[PROBLEM REQUIREMENTS] Skipping any pictures, repeat exactly and only the lines from the one that holds "Bellatio Decorations Foute" to the last line of the material, both included.

[DATASET EXCERPT]
——
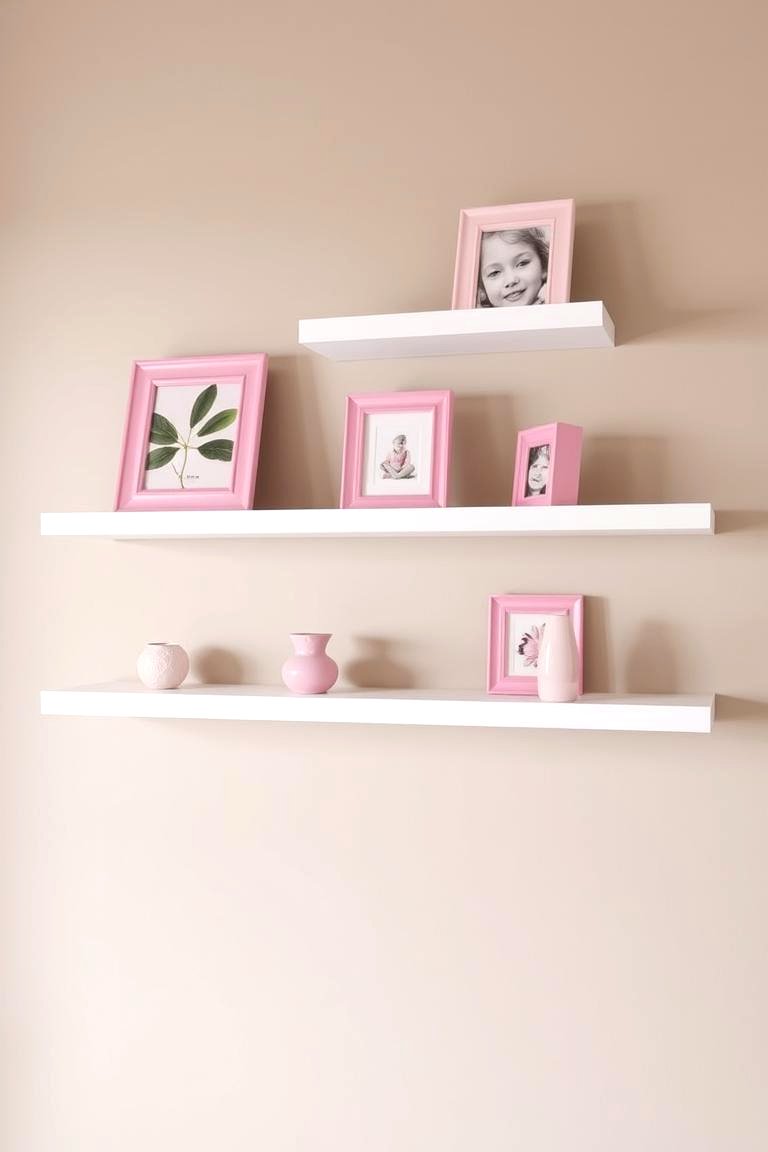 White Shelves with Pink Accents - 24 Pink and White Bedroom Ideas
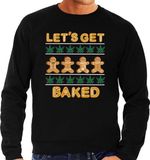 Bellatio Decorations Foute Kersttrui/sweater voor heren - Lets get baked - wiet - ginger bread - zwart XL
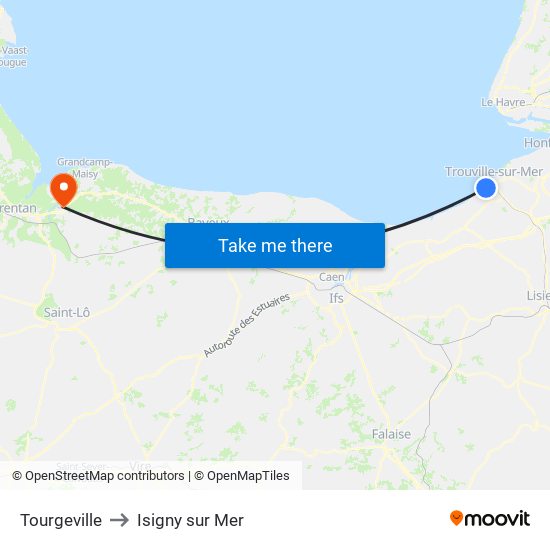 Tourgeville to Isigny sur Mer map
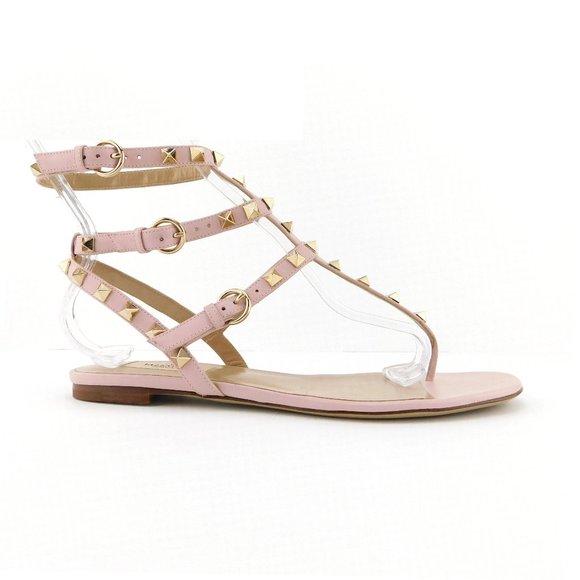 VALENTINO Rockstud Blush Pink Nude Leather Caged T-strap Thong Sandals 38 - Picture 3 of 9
——
[THE ANSWER]
 Bellatio Decorations Foute Kersttrui/sweater voor heren - Lets get baked - wiet - ginger bread - zwart XL
 Tourgeville to Isigny sur Mer map
 VALENTINO Rockstud Blush Pink Nude Leather Caged T-strap Thong Sandals 38 - Picture 3 of 9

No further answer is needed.